First Demo of Cutting Metal in Space Scheduled for 2020
Assembling habitats and structures in space is required for enabling a sustainable human presence in space. Instead of just docking finished modules together like on the ISS, we need to be able to bolt, weld, and cut individual components to build large structures too large or fragile to be launched from Earth. Nanoracks is working to demonstrate the first ever structural metal cutting in space.
Using friction milling, Nanoracks will cut through three types of metal that are representative of the types used for rocket upper stages. The idea being that instead of letting upper stages burn-up on reentry, we can reuse them for in-orbit habitats or fuel storage. The first stage of this would be cutting the upper stage to the right dimensions.
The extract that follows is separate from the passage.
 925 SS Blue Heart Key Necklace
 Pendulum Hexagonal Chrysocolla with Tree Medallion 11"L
This demonstration will use a robotic arm with a high speed milling end to cut the metal. Using just heat and pressure, the rotating bit (possibly made out of tungsten carbide) will melt and cut the structural metal. The cutting process itself does not create any loose debris (assuming the structural piece itself isn’t cut in two), making it very suitable for in-orbit construction.
Nanoracks will launch this demonstration on a SpaceX Falcon 9 towards the end of 2020. Eight Spire earth observation satellites will also be launched. Once all other payloads are deployed, Nanoracks will have between 30 minutes and one hour to complete the demonstration.
If all goes as planned, we will have direct results from the first ever structural metal cutting in space. This one small demo is laying the groundwork for large scale infrastructure projects in space.